I don't think a lot of people have said that games won't help sales at all, I'm one of those who maintain that the Wii U's greatest challenge is not the software. I'm not saying that games don't have an impact, of course they do, what I'm saying is that ultimately it won't matter which games come out or what the price of the hardware is since the product itself is undesireable at the core and in the design and its aimed right at nothing, falling between the casual and core market somewhere.

Short term boosts from games are nice to look at, sustained higher levels of sales is far more difficult to achieve and I can't see the Wii U pulling that off no matter what they do, the product itself is simply faulty. Besides, when you increase weekly numbers by over 100% and still manage to sell only about half as much as the best selling home console that is going on 7 years on the market and dropping hugely yoy, there is something wrong with your recipe somewhere and these numbers are in no way great or even impressive. Its still about on par with the worst weeks the PS3 and 360 have ever had.

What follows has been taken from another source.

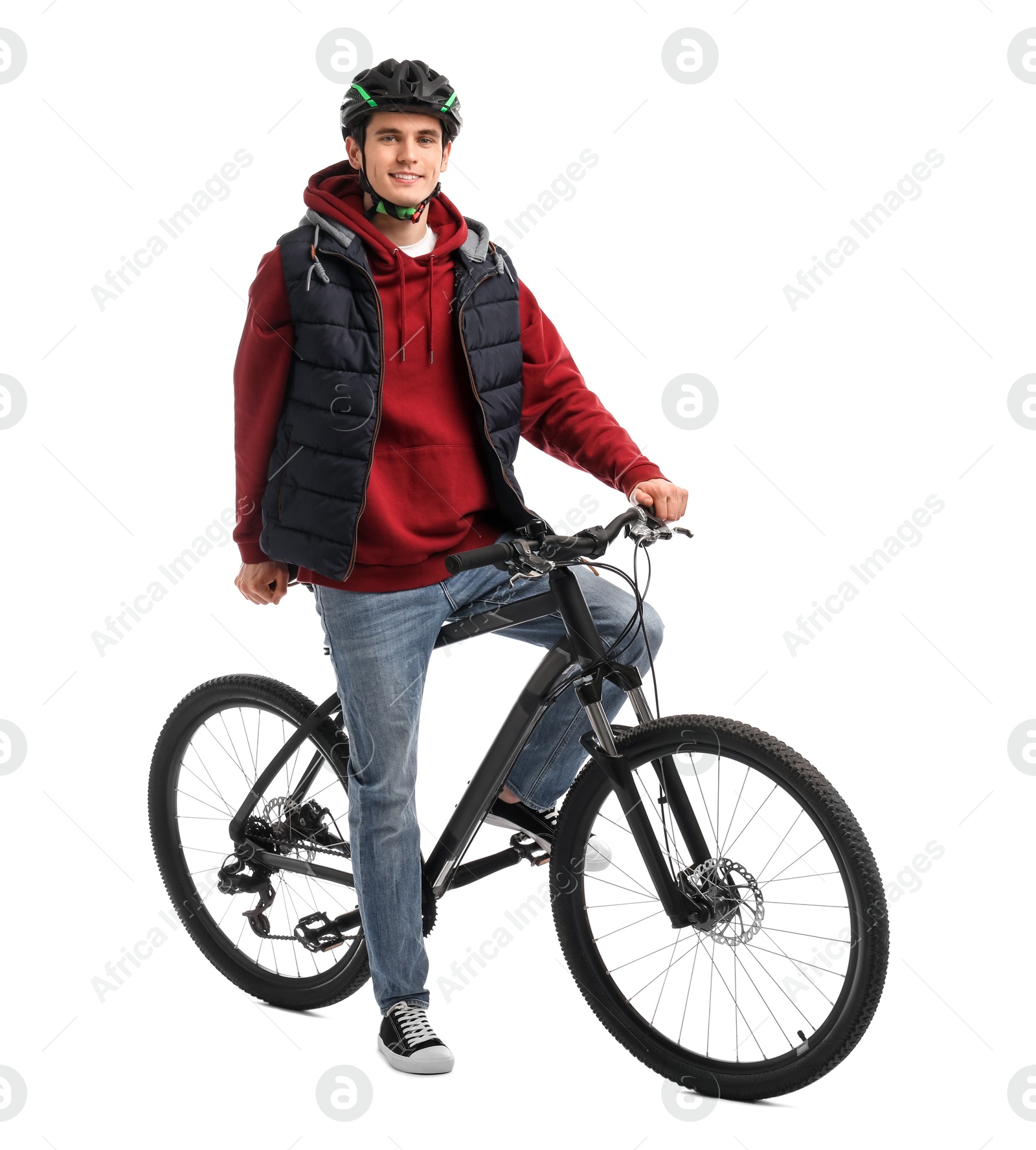 Photo of Smiling man in helmet on bicycle against white background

Bottom line, OP: The point you're making is moot for two reasons; no one has claimed that games won't help move some hardware and, most importantly, you're making the assumption that this boost will somehow permanently elevate Wii U sales and that, in the end, software alone will help the Wii U sell well. It just won't (most likely, time will prove one of us wrong, holidays 2013 is time by the way, 2-3 years from now, we'll be seeing what the Wii U has truly achieved, or not).